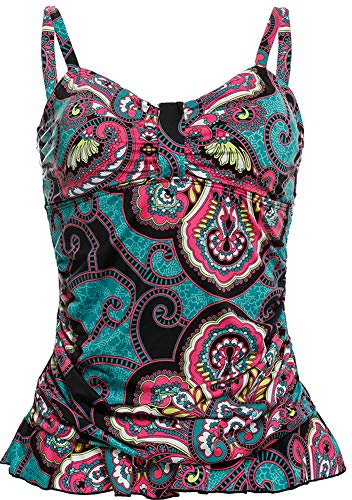 Image of Women's 50's Retro Ruched Tankini Swimsuit Top with Ruffle Hem Tummy Control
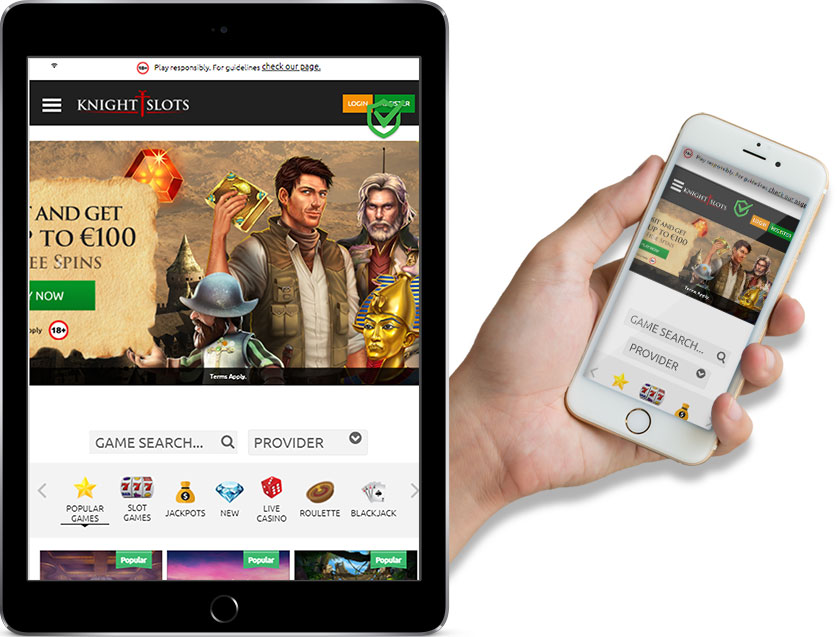 Ipad and mobile screenshots of Knight Slots Casino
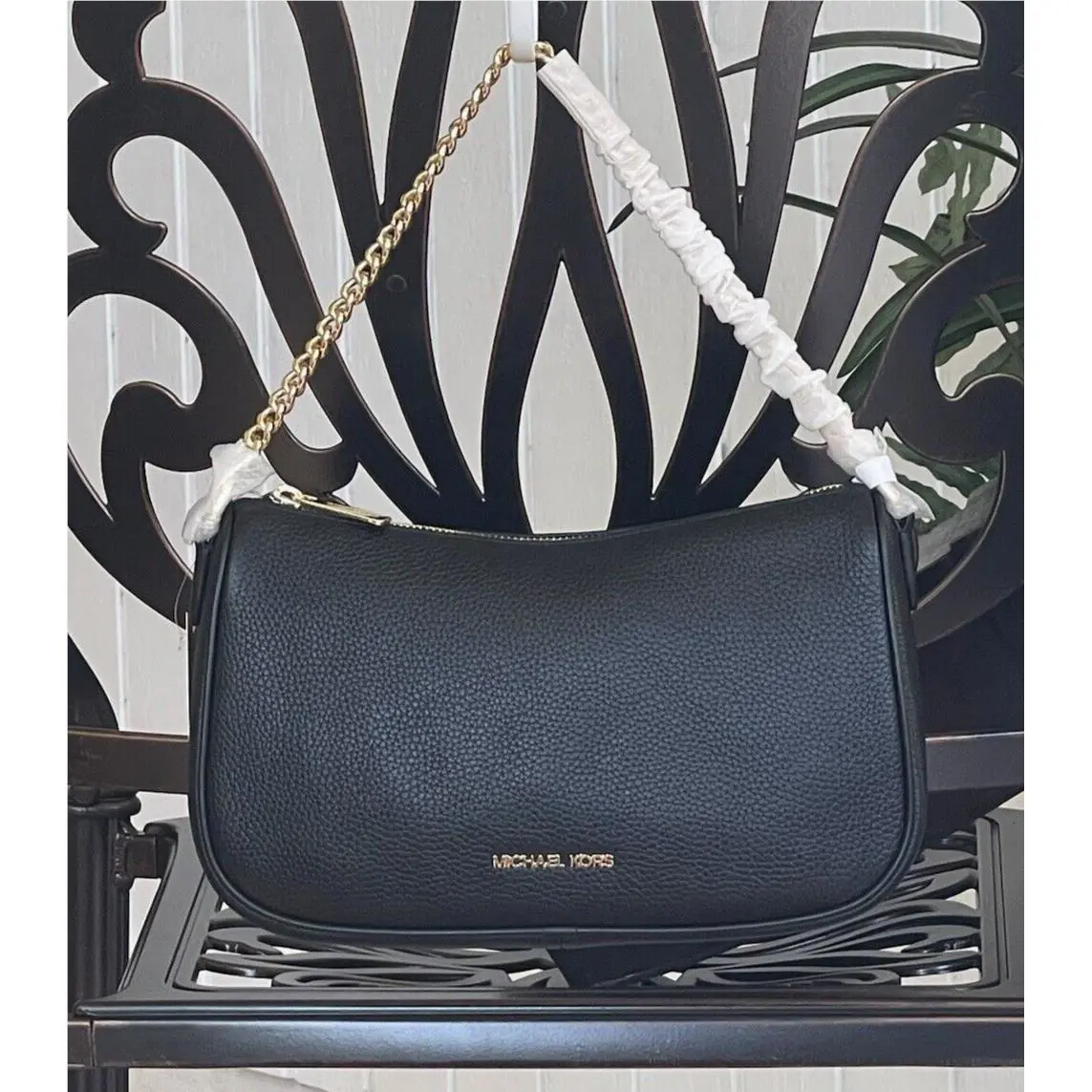 Michael Kors Carmela 2 Straps Medium Zip Chain Crossbody Bag Shoulder MK Black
────────
**WHAT NEEDS TO BE DONE**
Each line above should be written out again unchanged; no images are to be carried over.

**ANSWER SPACE**
 Image of Women's 50's Retro Ruched Tankini Swimsuit Top with Ruffle Hem Tummy Control
 Ipad and mobile screenshots of Knight Slots Casino
 Michael Kors Carmela 2 Straps Medium Zip Chain Crossbody Bag Shoulder MK Black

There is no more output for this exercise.